Records from a collection

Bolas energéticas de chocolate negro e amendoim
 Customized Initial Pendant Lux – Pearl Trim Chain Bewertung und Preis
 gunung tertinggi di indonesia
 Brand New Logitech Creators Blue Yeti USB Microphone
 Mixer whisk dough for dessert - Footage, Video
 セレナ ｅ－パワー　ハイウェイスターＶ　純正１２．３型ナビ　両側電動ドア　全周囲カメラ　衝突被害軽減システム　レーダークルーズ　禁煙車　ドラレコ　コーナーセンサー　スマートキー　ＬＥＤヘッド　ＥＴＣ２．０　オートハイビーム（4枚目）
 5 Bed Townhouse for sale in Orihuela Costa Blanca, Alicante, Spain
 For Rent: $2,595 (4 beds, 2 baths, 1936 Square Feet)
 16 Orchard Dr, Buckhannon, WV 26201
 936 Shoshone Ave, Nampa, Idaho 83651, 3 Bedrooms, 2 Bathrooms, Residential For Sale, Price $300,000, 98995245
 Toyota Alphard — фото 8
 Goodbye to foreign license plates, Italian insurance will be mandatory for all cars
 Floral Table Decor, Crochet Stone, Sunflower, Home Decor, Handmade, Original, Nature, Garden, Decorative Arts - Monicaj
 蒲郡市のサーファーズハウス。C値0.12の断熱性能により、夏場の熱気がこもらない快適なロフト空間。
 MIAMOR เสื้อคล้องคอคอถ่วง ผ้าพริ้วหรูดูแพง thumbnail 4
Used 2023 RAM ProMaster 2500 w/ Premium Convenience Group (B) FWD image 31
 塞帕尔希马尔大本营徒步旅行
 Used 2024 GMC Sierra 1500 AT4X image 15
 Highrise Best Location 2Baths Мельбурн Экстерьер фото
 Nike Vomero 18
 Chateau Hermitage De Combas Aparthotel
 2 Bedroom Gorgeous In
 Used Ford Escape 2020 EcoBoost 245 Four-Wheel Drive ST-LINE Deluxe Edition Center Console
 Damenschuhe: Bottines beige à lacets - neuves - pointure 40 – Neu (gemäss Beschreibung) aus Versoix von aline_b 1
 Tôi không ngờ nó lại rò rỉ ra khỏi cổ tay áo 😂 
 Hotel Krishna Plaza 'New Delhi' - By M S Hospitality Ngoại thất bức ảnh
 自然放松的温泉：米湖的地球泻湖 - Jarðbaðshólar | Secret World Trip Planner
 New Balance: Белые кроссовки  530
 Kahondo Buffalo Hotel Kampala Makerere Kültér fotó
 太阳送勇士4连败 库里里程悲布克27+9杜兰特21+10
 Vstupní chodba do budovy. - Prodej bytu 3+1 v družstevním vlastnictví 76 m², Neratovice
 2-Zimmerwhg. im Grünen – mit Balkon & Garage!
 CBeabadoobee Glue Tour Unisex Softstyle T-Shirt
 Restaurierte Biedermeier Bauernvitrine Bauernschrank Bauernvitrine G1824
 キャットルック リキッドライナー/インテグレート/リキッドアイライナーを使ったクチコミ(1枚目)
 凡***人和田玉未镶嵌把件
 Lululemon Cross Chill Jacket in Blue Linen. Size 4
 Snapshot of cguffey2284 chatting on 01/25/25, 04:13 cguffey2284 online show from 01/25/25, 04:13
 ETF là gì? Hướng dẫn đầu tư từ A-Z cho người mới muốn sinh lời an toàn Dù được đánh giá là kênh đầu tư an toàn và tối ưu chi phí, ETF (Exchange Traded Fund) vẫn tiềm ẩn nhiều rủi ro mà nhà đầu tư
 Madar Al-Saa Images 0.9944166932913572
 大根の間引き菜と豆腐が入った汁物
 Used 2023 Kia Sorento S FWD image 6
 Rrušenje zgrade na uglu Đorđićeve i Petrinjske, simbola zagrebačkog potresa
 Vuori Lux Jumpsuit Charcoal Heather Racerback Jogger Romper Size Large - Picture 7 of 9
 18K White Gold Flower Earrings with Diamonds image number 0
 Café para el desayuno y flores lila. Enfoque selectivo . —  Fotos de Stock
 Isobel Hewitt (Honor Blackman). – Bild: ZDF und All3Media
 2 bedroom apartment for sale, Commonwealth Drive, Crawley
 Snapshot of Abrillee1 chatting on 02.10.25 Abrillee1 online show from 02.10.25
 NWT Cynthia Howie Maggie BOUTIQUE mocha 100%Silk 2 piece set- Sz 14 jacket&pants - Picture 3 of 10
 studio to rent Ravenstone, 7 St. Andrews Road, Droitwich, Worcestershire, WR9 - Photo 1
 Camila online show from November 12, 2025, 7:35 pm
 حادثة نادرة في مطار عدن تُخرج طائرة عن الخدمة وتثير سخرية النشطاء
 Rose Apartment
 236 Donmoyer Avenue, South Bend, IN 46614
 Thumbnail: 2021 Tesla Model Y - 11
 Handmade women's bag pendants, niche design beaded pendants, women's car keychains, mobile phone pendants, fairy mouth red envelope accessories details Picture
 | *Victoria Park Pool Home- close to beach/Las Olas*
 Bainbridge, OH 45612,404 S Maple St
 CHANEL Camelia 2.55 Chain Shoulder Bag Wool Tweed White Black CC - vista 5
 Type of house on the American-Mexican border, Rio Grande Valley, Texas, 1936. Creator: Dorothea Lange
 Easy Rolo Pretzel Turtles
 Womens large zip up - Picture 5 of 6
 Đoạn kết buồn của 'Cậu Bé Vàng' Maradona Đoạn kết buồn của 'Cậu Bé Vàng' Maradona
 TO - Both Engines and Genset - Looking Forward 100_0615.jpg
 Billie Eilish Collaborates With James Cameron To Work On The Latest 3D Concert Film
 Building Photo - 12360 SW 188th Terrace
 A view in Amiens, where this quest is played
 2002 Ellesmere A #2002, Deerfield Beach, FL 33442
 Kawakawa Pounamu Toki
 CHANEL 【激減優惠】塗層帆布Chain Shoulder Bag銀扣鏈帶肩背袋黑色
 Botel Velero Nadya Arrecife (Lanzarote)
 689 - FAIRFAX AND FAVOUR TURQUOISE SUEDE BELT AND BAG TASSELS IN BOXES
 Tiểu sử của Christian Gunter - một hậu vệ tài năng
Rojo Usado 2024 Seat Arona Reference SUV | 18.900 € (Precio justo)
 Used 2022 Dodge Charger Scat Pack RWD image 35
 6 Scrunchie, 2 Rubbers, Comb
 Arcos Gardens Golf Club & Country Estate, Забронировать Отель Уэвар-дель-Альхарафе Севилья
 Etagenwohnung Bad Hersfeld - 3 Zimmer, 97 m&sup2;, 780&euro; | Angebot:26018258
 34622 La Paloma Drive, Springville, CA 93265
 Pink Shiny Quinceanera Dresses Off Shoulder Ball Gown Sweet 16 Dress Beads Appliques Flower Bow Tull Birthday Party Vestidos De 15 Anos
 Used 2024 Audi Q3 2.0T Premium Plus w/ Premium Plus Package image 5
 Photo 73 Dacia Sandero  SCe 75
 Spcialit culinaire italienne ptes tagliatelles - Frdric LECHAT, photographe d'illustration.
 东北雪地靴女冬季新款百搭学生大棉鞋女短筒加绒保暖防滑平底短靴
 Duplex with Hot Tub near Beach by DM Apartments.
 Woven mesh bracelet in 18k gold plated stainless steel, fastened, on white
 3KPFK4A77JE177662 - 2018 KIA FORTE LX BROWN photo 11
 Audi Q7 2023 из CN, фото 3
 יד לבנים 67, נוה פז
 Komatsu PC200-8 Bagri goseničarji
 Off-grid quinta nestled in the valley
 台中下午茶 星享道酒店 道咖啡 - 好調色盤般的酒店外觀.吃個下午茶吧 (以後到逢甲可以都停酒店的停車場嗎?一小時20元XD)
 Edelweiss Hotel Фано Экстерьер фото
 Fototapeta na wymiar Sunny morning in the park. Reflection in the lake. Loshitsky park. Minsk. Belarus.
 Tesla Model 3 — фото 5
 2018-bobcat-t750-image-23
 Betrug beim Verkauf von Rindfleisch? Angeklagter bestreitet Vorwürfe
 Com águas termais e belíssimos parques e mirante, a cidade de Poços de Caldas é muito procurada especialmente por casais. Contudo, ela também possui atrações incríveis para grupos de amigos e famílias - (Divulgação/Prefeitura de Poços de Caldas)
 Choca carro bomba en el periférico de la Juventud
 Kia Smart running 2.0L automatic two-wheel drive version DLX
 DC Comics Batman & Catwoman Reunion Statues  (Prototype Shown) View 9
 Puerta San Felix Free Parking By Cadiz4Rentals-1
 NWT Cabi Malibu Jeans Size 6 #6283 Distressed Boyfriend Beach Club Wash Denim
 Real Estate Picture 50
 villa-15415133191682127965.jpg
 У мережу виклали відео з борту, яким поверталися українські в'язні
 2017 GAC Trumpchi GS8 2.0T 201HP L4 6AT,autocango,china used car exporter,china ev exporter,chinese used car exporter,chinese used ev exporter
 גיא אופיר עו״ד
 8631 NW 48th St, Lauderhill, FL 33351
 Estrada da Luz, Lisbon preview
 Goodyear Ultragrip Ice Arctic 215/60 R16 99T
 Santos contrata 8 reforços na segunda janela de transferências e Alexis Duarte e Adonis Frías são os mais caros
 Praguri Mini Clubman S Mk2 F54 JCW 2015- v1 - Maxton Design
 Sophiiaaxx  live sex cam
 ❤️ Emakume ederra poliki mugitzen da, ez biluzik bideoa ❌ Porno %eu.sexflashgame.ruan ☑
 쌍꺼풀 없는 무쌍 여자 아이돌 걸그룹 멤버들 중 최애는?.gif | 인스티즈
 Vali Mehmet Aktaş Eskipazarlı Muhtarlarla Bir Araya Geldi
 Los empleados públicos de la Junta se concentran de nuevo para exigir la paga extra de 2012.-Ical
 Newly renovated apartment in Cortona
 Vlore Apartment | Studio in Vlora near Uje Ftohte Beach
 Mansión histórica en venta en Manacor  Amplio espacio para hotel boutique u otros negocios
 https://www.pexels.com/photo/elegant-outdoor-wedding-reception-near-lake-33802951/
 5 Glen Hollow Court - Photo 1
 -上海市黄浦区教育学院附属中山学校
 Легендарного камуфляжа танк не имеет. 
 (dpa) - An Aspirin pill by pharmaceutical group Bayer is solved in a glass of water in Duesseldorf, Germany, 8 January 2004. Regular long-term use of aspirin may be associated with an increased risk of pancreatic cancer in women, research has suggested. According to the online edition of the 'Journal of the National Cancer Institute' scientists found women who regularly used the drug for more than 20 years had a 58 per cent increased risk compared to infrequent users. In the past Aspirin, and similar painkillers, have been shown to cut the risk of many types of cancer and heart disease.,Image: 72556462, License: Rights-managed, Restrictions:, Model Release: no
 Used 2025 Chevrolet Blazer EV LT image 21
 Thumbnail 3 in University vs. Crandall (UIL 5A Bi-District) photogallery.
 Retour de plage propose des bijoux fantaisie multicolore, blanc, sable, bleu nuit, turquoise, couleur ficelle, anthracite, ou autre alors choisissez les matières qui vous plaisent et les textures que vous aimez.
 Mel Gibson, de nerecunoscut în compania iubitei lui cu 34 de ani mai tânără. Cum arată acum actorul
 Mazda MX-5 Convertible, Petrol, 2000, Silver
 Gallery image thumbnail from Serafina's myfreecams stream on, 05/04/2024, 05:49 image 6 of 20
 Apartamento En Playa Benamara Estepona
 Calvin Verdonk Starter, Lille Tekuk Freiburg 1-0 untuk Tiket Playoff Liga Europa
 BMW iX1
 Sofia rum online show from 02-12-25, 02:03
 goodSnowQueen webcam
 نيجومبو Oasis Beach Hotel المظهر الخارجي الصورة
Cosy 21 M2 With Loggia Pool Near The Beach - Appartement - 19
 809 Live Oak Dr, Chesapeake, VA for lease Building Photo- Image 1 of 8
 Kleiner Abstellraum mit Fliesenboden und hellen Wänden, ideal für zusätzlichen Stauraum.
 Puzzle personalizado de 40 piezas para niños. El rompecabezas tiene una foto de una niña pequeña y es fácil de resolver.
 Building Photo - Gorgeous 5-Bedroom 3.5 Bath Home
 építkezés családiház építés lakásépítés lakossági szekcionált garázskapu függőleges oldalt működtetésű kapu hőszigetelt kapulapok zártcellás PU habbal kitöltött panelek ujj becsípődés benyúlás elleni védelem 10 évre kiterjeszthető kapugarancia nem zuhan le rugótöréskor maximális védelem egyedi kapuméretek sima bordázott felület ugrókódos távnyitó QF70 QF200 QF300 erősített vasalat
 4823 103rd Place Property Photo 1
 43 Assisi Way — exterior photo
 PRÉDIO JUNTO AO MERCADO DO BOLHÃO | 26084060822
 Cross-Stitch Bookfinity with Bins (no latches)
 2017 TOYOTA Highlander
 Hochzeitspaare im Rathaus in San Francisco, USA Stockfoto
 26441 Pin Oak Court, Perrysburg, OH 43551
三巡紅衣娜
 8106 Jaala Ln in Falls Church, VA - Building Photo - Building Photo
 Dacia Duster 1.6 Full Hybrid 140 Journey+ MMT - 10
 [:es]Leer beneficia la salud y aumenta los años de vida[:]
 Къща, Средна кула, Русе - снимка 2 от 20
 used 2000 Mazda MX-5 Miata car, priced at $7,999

PROBLEM
For this exercise, output exactly the lines above from the line with "蒲郡市のサーファーズハウス。" to the line with "Café para el", counting both, and leave out the rest.

FINAL ANSWER
 蒲郡市のサーファーズハウス。C値0.12の断熱性能により、夏場の熱気がこもらない快適なロフト空間。
 MIAMOR เสื้อคล้องคอคอถ่วง ผ้าพริ้วหรูดูแพง thumbnail 4
Used 2023 RAM ProMaster 2500 w/ Premium Convenience Group (B) FWD image 31
 塞帕尔希马尔大本营徒步旅行
 Used 2024 GMC Sierra 1500 AT4X image 15
 Highrise Best Location 2Baths Мельбурн Экстерьер фото
 Nike Vomero 18
 Chateau Hermitage De Combas Aparthotel
 2 Bedroom Gorgeous In
 Used Ford Escape 2020 EcoBoost 245 Four-Wheel Drive ST-LINE Deluxe Edition Center Console
 Damenschuhe: Bottines beige à lacets - neuves - pointure 40 – Neu (gemäss Beschreibung) aus Versoix von aline_b 1
 Tôi không ngờ nó lại rò rỉ ra khỏi cổ tay áo 😂 
 Hotel Krishna Plaza 'New Delhi' - By M S Hospitality Ngoại thất bức ảnh
 自然放松的温泉：米湖的地球泻湖 - Jarðbaðshólar | Secret World Trip Planner
 New Balance: Белые кроссовки  530
 Kahondo Buffalo Hotel Kampala Makerere Kültér fotó
 太阳送勇士4连败 库里里程悲布克27+9杜兰特21+10
 Vstupní chodba do budovy. - Prodej bytu 3+1 v družstevním vlastnictví 76 m², Neratovice
 2-Zimmerwhg. im Grünen – mit Balkon & Garage!
 CBeabadoobee Glue Tour Unisex Softstyle T-Shirt
 Restaurierte Biedermeier Bauernvitrine Bauernschrank Bauernvitrine G1824
 キャットルック リキッドライナー/インテグレート/リキッドアイライナーを使ったクチコミ(1枚目)
 凡***人和田玉未镶嵌把件
 Lululemon Cross Chill Jacket in Blue Linen. Size 4
 Snapshot of cguffey2284 chatting on 01/25/25, 04:13 cguffey2284 online show from 01/25/25, 04:13
 ETF là gì? Hướng dẫn đầu tư từ A-Z cho người mới muốn sinh lời an toàn Dù được đánh giá là kênh đầu tư an toàn và tối ưu chi phí, ETF (Exchange Traded Fund) vẫn tiềm ẩn nhiều rủi ro mà nhà đầu tư
 Madar Al-Saa Images 0.9944166932913572
 大根の間引き菜と豆腐が入った汁物
 Used 2023 Kia Sorento S FWD image 6
 Rrušenje zgrade na uglu Đorđićeve i Petrinjske, simbola zagrebačkog potresa
 Vuori Lux Jumpsuit Charcoal Heather Racerback Jogger Romper Size Large - Picture 7 of 9
 18K White Gold Flower Earrings with Diamonds image number 0
 Café para el desayuno y flores lila. Enfoque selectivo . —  Fotos de Stock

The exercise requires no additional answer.